Make no mistake about it: These allies are not changing the tax debate by themselves. The media likes to portray politics as a top-down sport, where the Grand Titans of Government hand down edicts that Change the Country. But anyone who has actually worked a day on a political campaign or in a legislative body understands that the acts of politicians are for the most part reflections of effective pressure. Usually that pressure is best honed by Big Money and corporate lobbyists, but every now and again – like in this new tax battle – it is administered by the public at large.

These allies are all courageous, but they are all smart politicians, too. They see both the public and personal benefits of having this fight. They see that good public policy makes good politics for them personally, and that they will ultimately benefit by spending political capital to reframe the tax debate on grounds that the broad public understands is moral.

I have no problem with politicians seeing personal opportunity in doing the right thing. In fact, the progressive movement should strive for this kind of dynamic on every issue. We saw it with Ned Lamont showing the Democratic Party that there were political benefits to taking a stand against the war. Now we’re seeing it on the tax issue in a ground-up movement starting in places like Coloradl. And so even as some Democrats keep pushing a new NAFTA expansion, even as other Democrats shy away from a tax fight and/or refuse to end the Iraq War – even, in short, as the Money Party does its best to crush the People Party – the People Party is making progress.

Go read the whole column here and let me know what you think. My column runs every Friday in the Denver Post, and if you’d like to see it regularly in papers throughout Colorado, use this directory to find the contact info for your local editorial page editors. Get get in touch with them and point them to my Creators Syndicate site.

Comments

17 thoughts on “COLUMN: Confronting Colorado’s Anti-Tax Hollow Men

    1. Tell us what the cap is?  100%?  Or more than that if they deem you “too rich?”

      Governments are instituted among men to protect their life, liberty, and property, not to arbitrarily take as much property and liberty as they can.  Philosophically speaking, taxation ought to be on tenuous ground to begin with, as it’s there to serve us, not the other way around.

        1. And any of the Enlightenment philosophy that invented true liberalism, you’d understand that “my paycheck” is what government’s job is – not making sure “poor people” can afford to fill a 3-car garage and have cell phones and color TVs and high speed internet.

          1. And also to “Promote the general welfare.”

            Taxes are legit and necessary, whether to pay for soldiers or anything else that elected representatives decide to spend money on. 

            BTW, haven’t ever run across po’ folk with 3 car garages and high speed internet.  Ever.  Might be someone out there, but having concurrently lived “in the hood” and run a computer lab at a center, I know that wasn’t the case six years ago.

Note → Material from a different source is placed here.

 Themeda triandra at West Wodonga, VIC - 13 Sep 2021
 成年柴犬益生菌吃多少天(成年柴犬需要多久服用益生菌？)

            1. Don’t poke any holes in that old “welfare queen” myth that Yokel and others apparently still believe to be true. Empirical evidence is anathema to them, ya know…

            2. was meant by the founding fathers that the government was to pay out money to those below a certain economic standard, why did it take around 160 years to implement it?  I don’t have a problem with paying taxes, I just have a problem with some of the priorities of those who get to spend them.

              1. Because it took that long for industrial capitalism, with it’s vicious up and down cycles, to develop and create a down cycle (the Great Depression) that only government could come in and address. And lo and behold, we haven’t suffered anything as bad as that since, although the unfettered credit of the past 20 years (mortgages in the past decade especially) which is currently unraveling may bite us all pretty bad…

    2. And I never get a straight answer.  It’s always about their pain, not what society needs. 

      That’s cuz they don’t have an answer except zero, I guess. 

      The ideology is about “less”, not what is appropriate. Therefore, it is impossible to answer.

  1. you can really fuck up a good Friday after work buzz.
    What the hell is with you and your “tax” everyfuckinthingthatbreatheswalkstalkssmileswigglesfartsetcuntiltheyaredead?
    Jesus tapdancin christ. If you are such a fanatic for taxes, why don’t you and your buddies donate say……..95% of everything you make?
    Leave the rest of us alone. We already give until it bleeds. How fucking much more do you want?
    Fuck
    Now I’m really pissed.
    Fuck you and your Tax mentality……..

    1. we should have no taxes for police.
      we should have no taxes for fire.
      we should have no taxes for sewage treatment.
      we should have no taxes for roads and bridges.
      we should have no taxes for public health.
      we should have no taxes for food inspections.
      we should have no taxes for national defense. Oh wait, the president and congress have already defaulted on that bill.
      we should have no taxes for schools and libraries.
      we should have no taxes for research and development.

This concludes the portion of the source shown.